もちろん両方において長所と短所があります。
バッチ学習は、オンライン学習に比べて汎化性能は良いですが、欠点として蓄積した大量の訓練データを扱う必要があるため、処理が重く、使用するメモリ量も多くなります。また、オンライン学習は、先程も述べたように実装が簡単な場合が多く、訓練データを蓄積する必要がないので大量のメモリを必要とせず、新しいデータを入手した時にも再学習が容易になります。しかし、学習率を適切に設定しないと重みパラメータ収束が不安定になったり、訓練データの順番に偏りがあった場合に精度が不安定になります。

凸関数の性質
近年(?)になって、最適化問題を凸計画問題(convex programming problem)で表すことで比較的簡単に最適解を求められるということで注目が集まっていますが、それは凸計画問題の中で扱われる下に凸な凸関数(convex function)が以下のような性質を持っているからだと言えます。

  • 凸関数の線形和は凸関数になる
  • アフィン合成後の関数も凸関数になる
  • 凸関数の最大値は凸関数になる
  • 1次条件が成立する

\hspace{50}f(\cdot)が凸 \Leftrightarrow f({\bf y}) \geq f({\bf x}) + \nabla f({\bf x})^{T}({\bf y} - {\bf x)\forall {\bf x}, {\bf y}

  • 2次条件が成立する(ヘシアンが正定値)
  • 微分して勾配0になる局所最適解(停留点)は大域的最適解になる(SVMなどの目的関数の場合)

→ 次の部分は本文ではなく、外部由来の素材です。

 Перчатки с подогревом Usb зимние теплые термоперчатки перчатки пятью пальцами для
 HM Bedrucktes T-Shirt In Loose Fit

例えば、FOBOSでは最適化の目的関数として損失項(後述)と正則化項(後述)の和を最小化していく必要があるのですが、それらの両方が共に凸関数であれば、上述の性質により目的関数も凸関数になります。
このようにして凸関数は次に示す(劣)勾配法と組み合わせることによって最適解を求めることができます。

微分と劣勾配法
例えば、SVMの損失項として用いられるHinge-Lossの極値を求める場合、閉じた形で解を求めることができません。そこで、データから勾配を計算して次第に極値へと近づけていくこと(勾配法)を考えます。しかし、勾配法では目的関数が微分可能であるという前提条件があり、微分不可能な点では勾配は計算できないので、勾配法は使えません。そこで、劣微分や劣勾配法の考え方が必要になってきます。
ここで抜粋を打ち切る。